Today I began with the sincere intention of skipping coffee as part of a new year's Daniel fast.
I had spent time thinking about it and praying about it, not wanting to lightly make the decision and then just a easily say
OK forget it. I had put time and thought AND prayer into it...
so, here I am, surprised that already, by 11:00 a.m. I've already given in and decided I was foolish to make such a decision.
Am I just incredibly weak or incredibly too much like many others who resolved to do or not do something, for very good reasons, and then crumble?
Drinking coffee is not sinful. Why I thought my 'act' would be good or worthwhile was that we are instructed to fast at times. I believed this was a good time. Not that I was going to do anything noble or earn extra credit with God! But, I had began to believe what the Word tells us about fasting, and that there is something to be learned through the act.
I had began to think about how I participate in small ways to trip me up, or set me up to fail. I believe this is an area God is wanting me to look at, to help me be more aware, and, with His guidance, to be better able to make wiser decisions.
It is now easy for me to look at myself and say
see, you knew you couldn't/wouldn't do it and feel shamed. But, in light of what I know to be true from God's Word, that isn't an option. God is still on the throne and He is (still) not one bit surprised by what I do or do not do.
There is still merit in fasting...afterall, it is scriptural. But, even in this, my failure, there is a lot to learn, and I will, this time, choose to turn to God and learn.

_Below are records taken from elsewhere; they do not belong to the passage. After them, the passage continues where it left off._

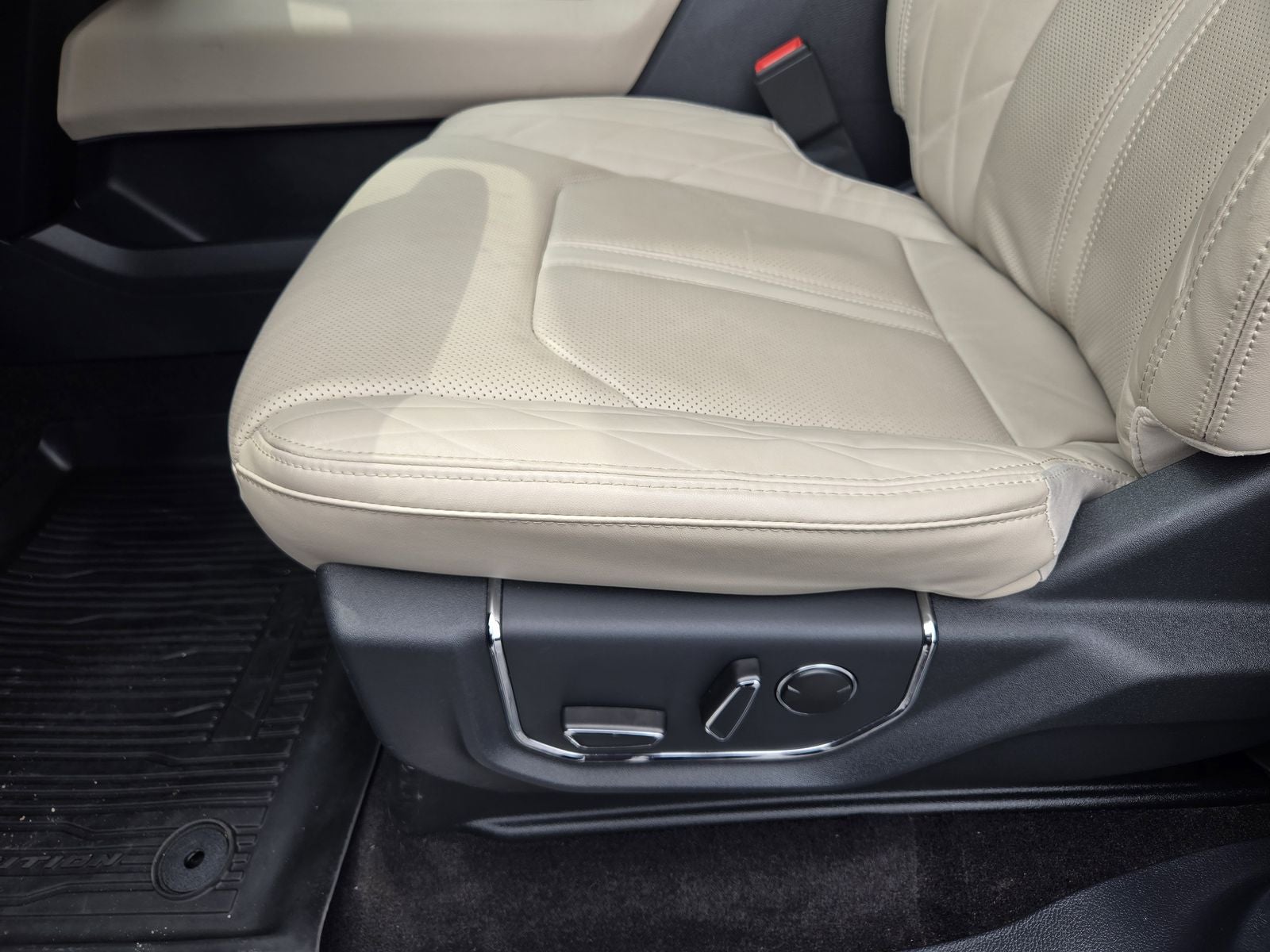2023 Ford Expedition Max Platinum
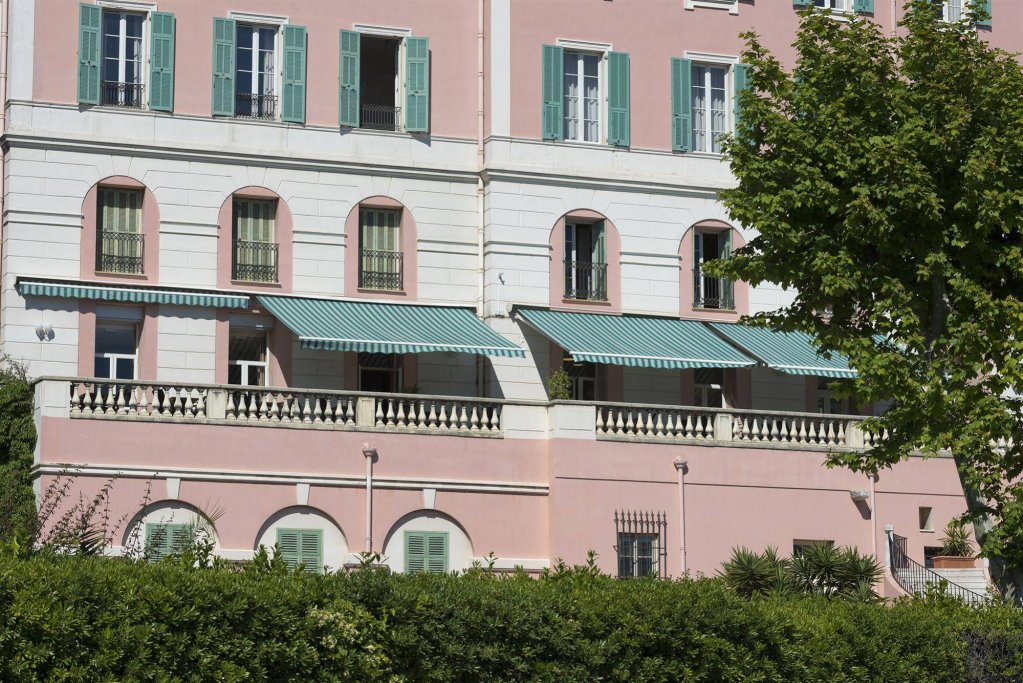 Фото Le Saint Paul Hotel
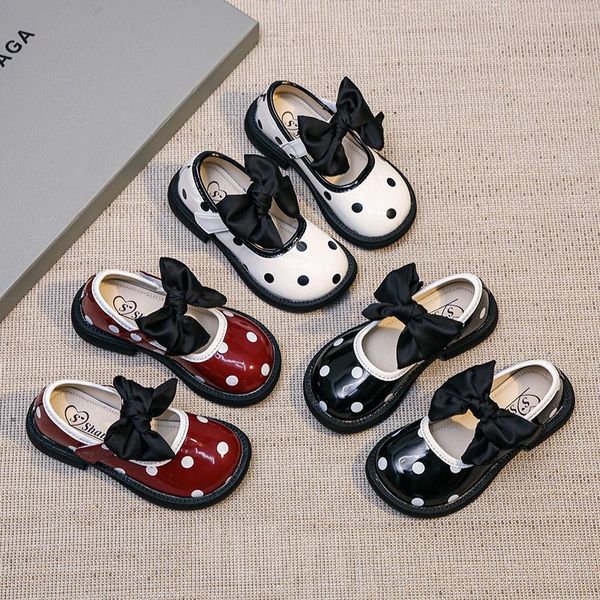 flat shoes little girls leather autumn korean style princess for kids girl square spot black boots children fashion, Black;grey
flat shoes little girls leather autumn korean style princess for kids girl square spot black boots children fashion, Black;grey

Today I am going to Psalms to read and even try my hand at uttering a bit of a song of my own, to God, using the 120th chapter as my inspiration (and, of course, my morning failure).

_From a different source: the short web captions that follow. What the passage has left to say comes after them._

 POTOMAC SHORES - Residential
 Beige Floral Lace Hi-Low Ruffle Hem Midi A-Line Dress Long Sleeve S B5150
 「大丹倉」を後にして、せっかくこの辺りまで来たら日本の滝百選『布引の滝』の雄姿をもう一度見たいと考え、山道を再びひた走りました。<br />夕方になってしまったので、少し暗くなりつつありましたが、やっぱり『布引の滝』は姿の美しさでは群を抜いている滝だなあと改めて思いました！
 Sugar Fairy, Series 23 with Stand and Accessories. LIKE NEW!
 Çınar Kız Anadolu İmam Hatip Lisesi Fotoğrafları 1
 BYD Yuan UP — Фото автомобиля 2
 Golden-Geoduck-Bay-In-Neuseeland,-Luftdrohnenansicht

In my pain and confusion I cried out to the Faithful I AM, and He heard me and answered me!LORD, keep me from the affects of lies and deception, and keep me from participation in even a shade of deceit.What will I find when I face You if I do walk in deception, and, oh, what sadness others face as they continue to sew lies? ~~A sharp arrow aimed right to the heart.Oh, my misery and regret is that I've stayed in the place of pretending and not had confidence in You for too long. ~~I have lived too long worried about peacemaking with those who don't care about such things!I am for peace, but they only want to be right.